_What you will do_
Repeat every entry exactly as it stands. Omit the images.

_Stored items_
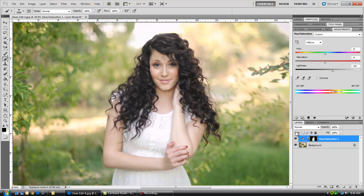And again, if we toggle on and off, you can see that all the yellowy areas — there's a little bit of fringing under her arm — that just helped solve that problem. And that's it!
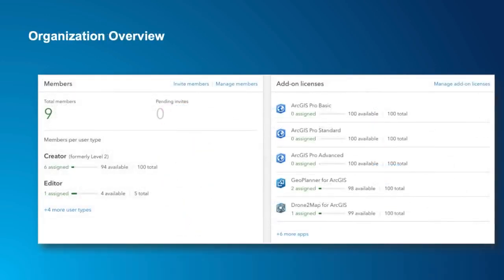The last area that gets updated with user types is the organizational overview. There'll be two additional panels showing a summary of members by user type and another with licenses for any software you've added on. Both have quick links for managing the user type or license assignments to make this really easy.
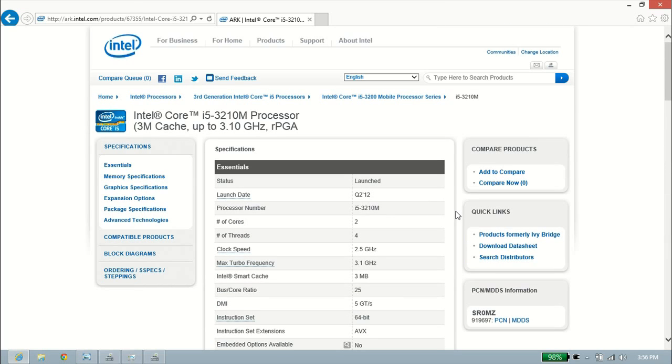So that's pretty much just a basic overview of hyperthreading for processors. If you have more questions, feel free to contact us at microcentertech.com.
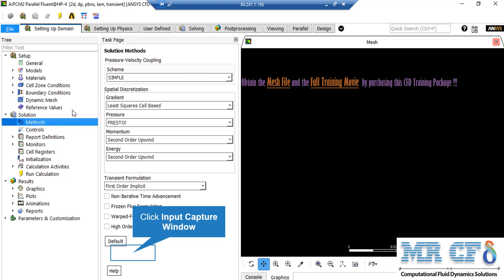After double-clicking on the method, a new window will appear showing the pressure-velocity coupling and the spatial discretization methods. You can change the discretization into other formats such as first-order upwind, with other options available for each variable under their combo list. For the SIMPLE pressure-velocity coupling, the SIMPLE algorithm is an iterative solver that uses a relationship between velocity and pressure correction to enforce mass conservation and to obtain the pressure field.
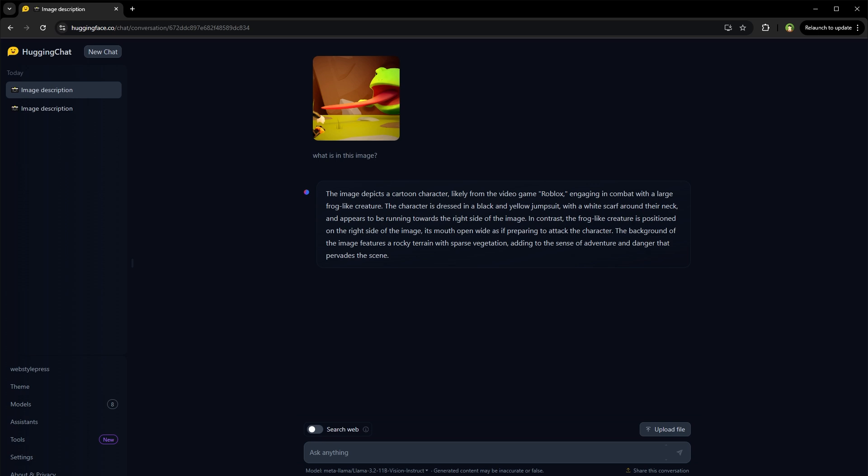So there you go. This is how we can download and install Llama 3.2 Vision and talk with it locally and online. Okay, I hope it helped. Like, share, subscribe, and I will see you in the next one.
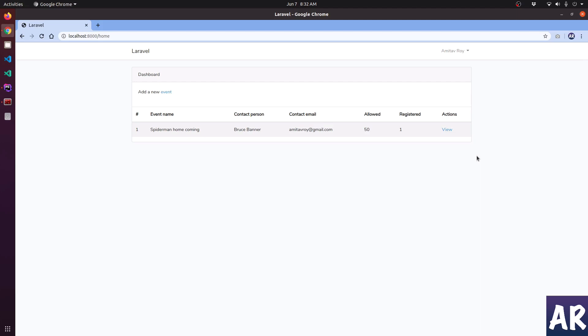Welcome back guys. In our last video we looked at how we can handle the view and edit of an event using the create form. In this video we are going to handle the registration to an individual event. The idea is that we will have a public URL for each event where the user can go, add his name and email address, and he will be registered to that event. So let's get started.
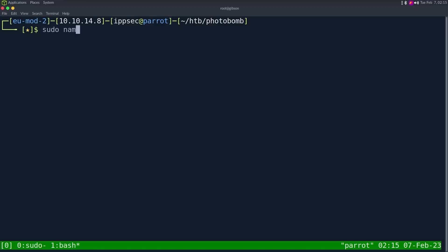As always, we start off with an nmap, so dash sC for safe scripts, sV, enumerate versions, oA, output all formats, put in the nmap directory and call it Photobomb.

_Worked solution_
And again, if we toggle on and off, you can see that all the yellowy areas — there's a little bit of fringing under her arm — that just helped solve that problem. And that's it!
The last area that gets updated with user types is the organizational overview. There'll be two additional panels showing a summary of members by user type and another with licenses for any software you've added on. Both have quick links for managing the user type or license assignments to make this really easy.
So that's pretty much just a basic overview of hyperthreading for processors. If you have more questions, feel free to contact us at microcentertech.com.
After double-clicking on the method, a new window will appear showing the pressure-velocity coupling and the spatial discretization methods. You can change the discretization into other formats such as first-order upwind, with other options available for each variable under their combo list. For the SIMPLE pressure-velocity coupling, the SIMPLE algorithm is an iterative solver that uses a relationship between velocity and pressure correction to enforce mass conservation and to obtain the pressure field.
So there you go. This is how we can download and install Llama 3.2 Vision and talk with it locally and online. Okay, I hope it helped. Like, share, subscribe, and I will see you in the next one.
Welcome back guys. In our last video we looked at how we can handle the view and edit of an event using the create form. In this video we are going to handle the registration to an individual event. The idea is that we will have a public URL for each event where the user can go, add his name and email address, and he will be registered to that event. So let's get started.
As always, we start off with an nmap, so dash sC for safe scripts, sV, enumerate versions, oA, output all formats, put in the nmap directory and call it Photobomb.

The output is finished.